Supplied records START

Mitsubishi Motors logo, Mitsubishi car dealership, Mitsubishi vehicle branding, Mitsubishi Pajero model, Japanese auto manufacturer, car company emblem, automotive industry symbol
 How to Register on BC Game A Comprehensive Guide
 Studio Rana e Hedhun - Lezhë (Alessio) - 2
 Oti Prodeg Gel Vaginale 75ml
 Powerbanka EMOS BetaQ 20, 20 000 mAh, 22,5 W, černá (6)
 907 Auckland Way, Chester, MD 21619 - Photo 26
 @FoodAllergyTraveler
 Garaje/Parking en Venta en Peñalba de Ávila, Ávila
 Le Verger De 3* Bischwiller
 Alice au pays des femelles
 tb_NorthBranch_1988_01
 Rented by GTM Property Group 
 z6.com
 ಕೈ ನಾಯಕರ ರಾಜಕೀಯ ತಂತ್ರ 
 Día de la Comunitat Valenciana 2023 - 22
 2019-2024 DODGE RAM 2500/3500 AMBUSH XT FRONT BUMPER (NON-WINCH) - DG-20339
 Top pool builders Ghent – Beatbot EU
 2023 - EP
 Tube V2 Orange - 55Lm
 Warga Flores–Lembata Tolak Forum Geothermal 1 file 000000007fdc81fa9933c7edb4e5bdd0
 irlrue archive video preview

Supplied records END

Prompt:
Precisely reproduce all the entries shown above.

Answer box:
Mitsubishi Motors logo, Mitsubishi car dealership, Mitsubishi vehicle branding, Mitsubishi Pajero model, Japanese auto manufacturer, car company emblem, automotive industry symbol
 How to Register on BC Game A Comprehensive Guide
 Studio Rana e Hedhun - Lezhë (Alessio) - 2
 Oti Prodeg Gel Vaginale 75ml
 Powerbanka EMOS BetaQ 20, 20 000 mAh, 22,5 W, černá (6)
 907 Auckland Way, Chester, MD 21619 - Photo 26
 @FoodAllergyTraveler
 Garaje/Parking en Venta en Peñalba de Ávila, Ávila
 Le Verger De 3* Bischwiller
 Alice au pays des femelles
 tb_NorthBranch_1988_01
 Rented by GTM Property Group 
 z6.com
 ಕೈ ನಾಯಕರ ರಾಜಕೀಯ ತಂತ್ರ 
 Día de la Comunitat Valenciana 2023 - 22
 2019-2024 DODGE RAM 2500/3500 AMBUSH XT FRONT BUMPER (NON-WINCH) - DG-20339
 Top pool builders Ghent – Beatbot EU
 2023 - EP
 Tube V2 Orange - 55Lm
 Warga Flores–Lembata Tolak Forum Geothermal 1 file 000000007fdc81fa9933c7edb4e5bdd0
 irlrue archive video preview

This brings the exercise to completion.